ノエル「でも、機械は人を傷つけることもある。タケミカヅチもきっと昔、たくさん人を殺してる。昔、人を殺した機械は、やっぱりこわいと思う?」


カナタ「うん」


ノエル「・・・」


カナタ「でも、もっとこわいのは、機械じゃなくて、それを使ってた人たちかな。だって、だって、このラッパ、私が吹くとあんななのにリオ先輩が吹くと、とっても綺麗に歌うんだもん。戦車だってきっと同じでしょ。」


カナタ「それにこの前ね、リオ先輩にタケミカヅチの歌を聞かせてもらったの。あんなに綺麗に歌えるんだもん。きっと良い戦車だよ、タケミカヅチは。」

 ここのやりとりを聞くと、ノエルは大量に人を殺した過去があったのかな? なんて思ったりしました。タケミカヅチについてじゃなくて、ノエル自分自身のことを差し示しているかのように聞こえた。セイヤに「人殺し」と言われてハッとしてましたし。多分、タケミカヅチに仮託して自分の過去を話していたのだろう。
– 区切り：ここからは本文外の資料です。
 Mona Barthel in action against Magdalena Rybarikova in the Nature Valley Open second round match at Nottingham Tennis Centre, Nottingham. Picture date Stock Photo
 それはともかく、ここでカナタはノエルの手にまた触れる。ノエルが抱えていた悩みに対して、カナタは答えを出した。そして、ノエルの手(=心)に触れたのだ。ここでの「手」は、人の「心」と同義語のように思える。カナタの手は、ノエルの心を優しく解きほぐす。カナタは人の心にするっと入っていく才能があるよう。

 この後、ノエルは眠ってしまう。ここで眠ってしまったのは、徹夜だけが理由でなく、カナタの心に触れ安心して眠ってしまったのかも。




 そして、雨が止む。ノエルとカナタの心に降る雨は止んだようだ。だが、まだ空は曇天。カナタはカールの教えを聞き、無理やり音を出すのではなく、音が自分で響きたいようにして演奏することを悟る。カナタはガラス工房から出ていき、ラッパを天に向いて吹く。カナタが奏でる音色は、雲を動かし、曇天だった空模様を碧空へと変貌させる。雲が取り除かれ太陽が姿をあらわす。それはまるで、カナタが過去に出会った女性兵士がトランペットを吹き曇天を碧空へと変えさせたように、カナタも同じく音色を空に響かせ、空を変える。眠っていたノエルが朝だと勘違いするほど、世界は眩い光に包まれる。灰色の空からの解放され、彼女たちの悩みは解消された。カナタの悩みが晴れたのと同時に、ノエルはカナタの絶対音感を手掛かりにレンズを作ることを思い付く。




 カナタの絶対音感を頼りに作ったレンズを使い、見事成功する。このとき、カナタはノエルに抱きつく。ノエルは「ありがとう」と言い、カナタの手に触れるのだ。Aパートでカナタが「ありがとう」と言い、ノエルの手を触ったように。ここで感動的なのは、ノエルが笑顔を初めて見せることもあるが、いままで触らなかった手にノエルが自ら触ることだ。ノエルはカナタに心を開く。もう、手を触っても拒絶などはされない。第2話のカナタとクレハのように、ノエルもまたカナタと心を通わす。音色が空模様を変えたように、カナタも人々の心を変えていく。



 第4話は、手を触れることが、心を通わすことと直結し、ノエルとカナタが心を通わせていくさまを丁寧に描いていく。


おまけ


 第2話の記事で、

リオが父親であり、フィリシアが母親であり、クレハやカナタやノエルは娘たち。カナタの妹ととしてのクレハ。ノエルは・・よくわからない・・・。

 と書きましたが、どうやらリオもフィリシアも母親だったっぽいですね。